Addressing climate change appropriately requires unique expertise and skills. Traditional approaches to planning do not necessarily translate to climate change, particularly because of the scale, scope, and complexity of the problem and the uncertainties involved. Whether it’s flood-resistant roadways or opening cooling centers during heat waves or wildfire mitigation in forest-reliant communities, what worked in the past may not be sufficient for what is to come. Planning approaches that integrate climate change considerations are unique and focused more on managing risk than optimization. Dedicated leadership to help develop and advance climate action is more likely to ensure timely progress than mere calls for action without such capacity (Moser et al., 2017). Thus, to support the scale and scope of necessary climate action, a state-level staff focused specifically on climate change would need to be established and built out to meet the state’s needs.

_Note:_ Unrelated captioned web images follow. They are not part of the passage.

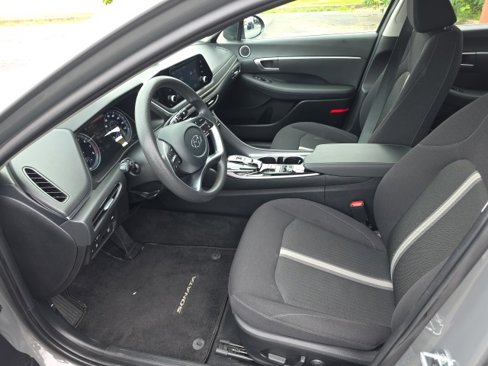 Used 2022 Hyundai Sonata SEL image 9
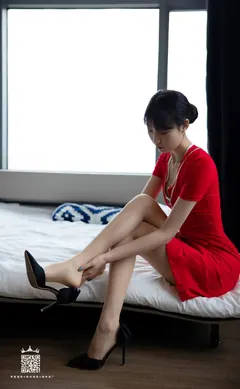 [LD零度摄影]NO.137 模特 飞飞 [50P/40MB] - 1
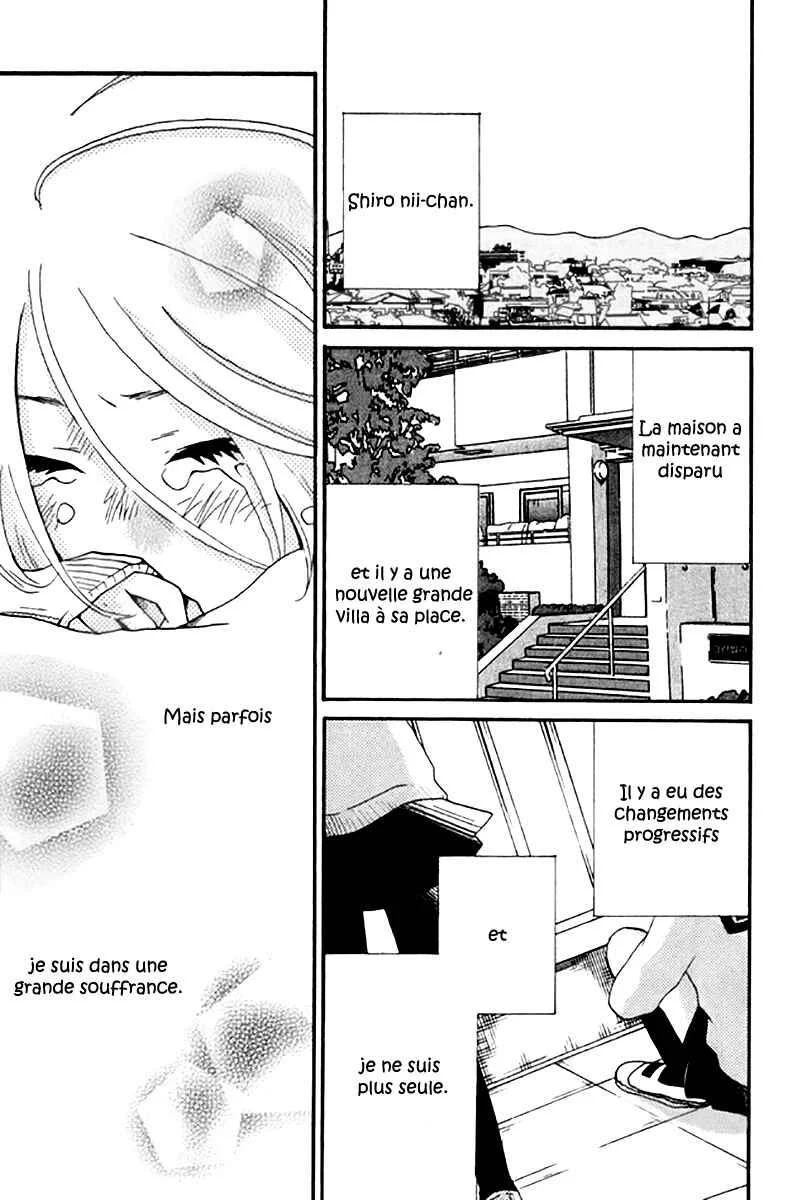 Himikoi Chapitre 6: Le repère de ces deux-là - Page 110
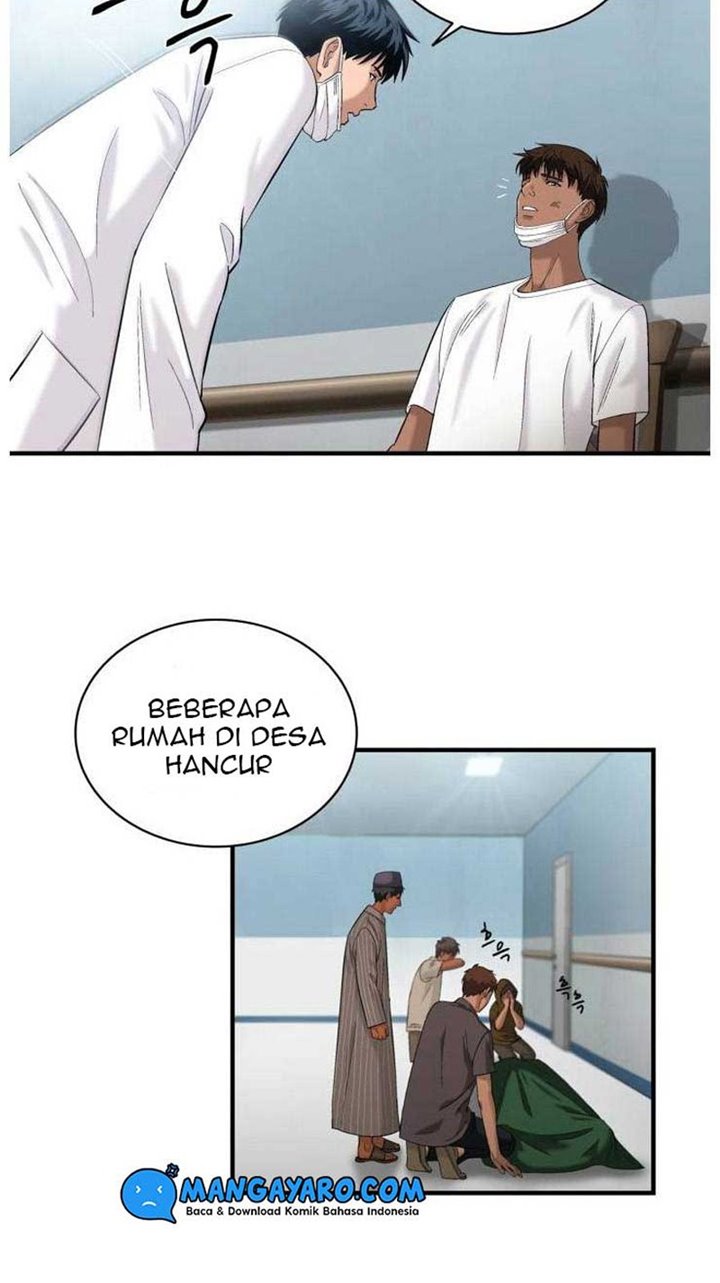 Dr. Choi Tae-Soo Chapter 38 Gambar 16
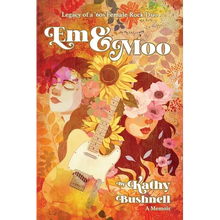 Em & Moo: Legacy of a '60s Female Rock Duo
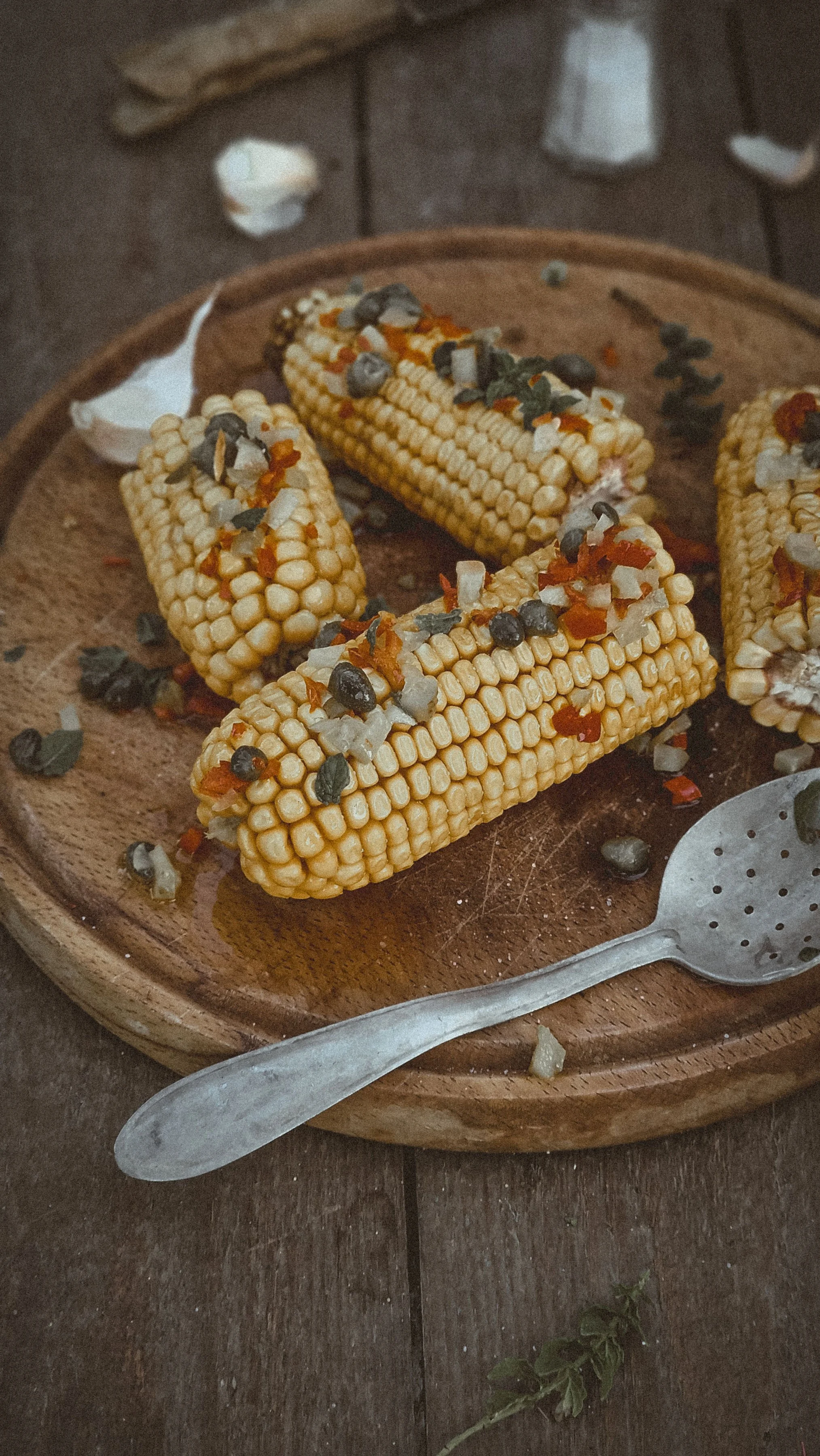 sed as healthy recipe imagery for nutritionists working with virtual assistants on content creation.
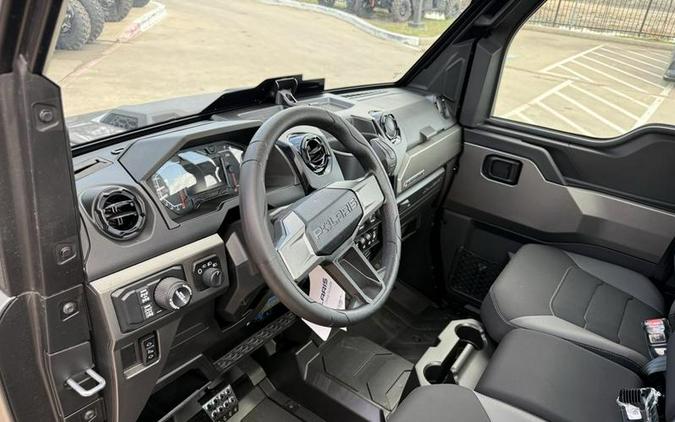2025 Polaris® Ranger XD 1500 NorthStar Premium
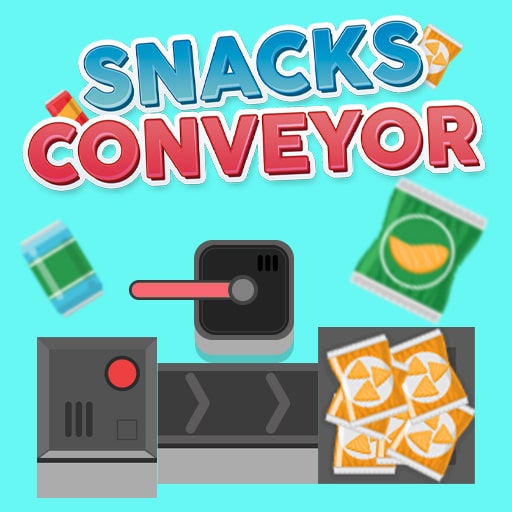 Snacks Conveyor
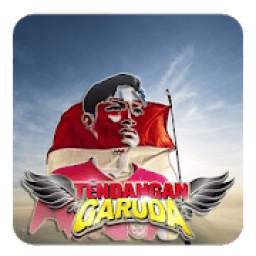 Ost Lagu Tendangan Garuda 1.0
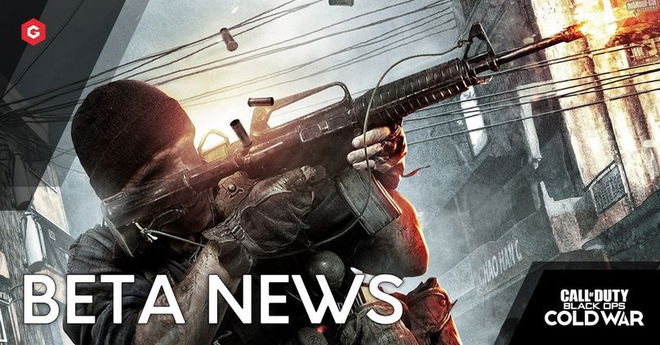 Black Ops Cold War BETA Weekend 2 Day 2 LIVE: Updates, Patch Notes, Roadmap, How To Get A Beta Code, Weapons, Maps, Modes And Everything We Know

Indeed, most states that are actively engaged on climate issues have a point person charged exclusively with addressing climate change issues with authority across the executive branch. In most states, this is a climate czar, chief resilience officer, or other chief executive in the governor’s office (e.g., Florida, Oregon, New Jersey, Virginia, Rhode Island); sometimes this is also a cabinet position leading an agency focused on climate (e.g., North Carolina, Colorado, New York, Michigan). Some states have adopted a ‘special advisor to the governor’ model (e.g., Colorado, Washington), and others have a chief resilience or sustainability officer embedded within an executive branch department or office that is granted authority across agencies. Some have some combination (e.g., California). Regardless of the model, all have or intend to expand staff in order to meet the growing demands to address climate in the state.
Clearly, based on the analysis of possible mitigation policies alone, and comparison with other states, there will be a need for additional investments to support climate action in Nevada, including support for an appropriate level of administrative leadership.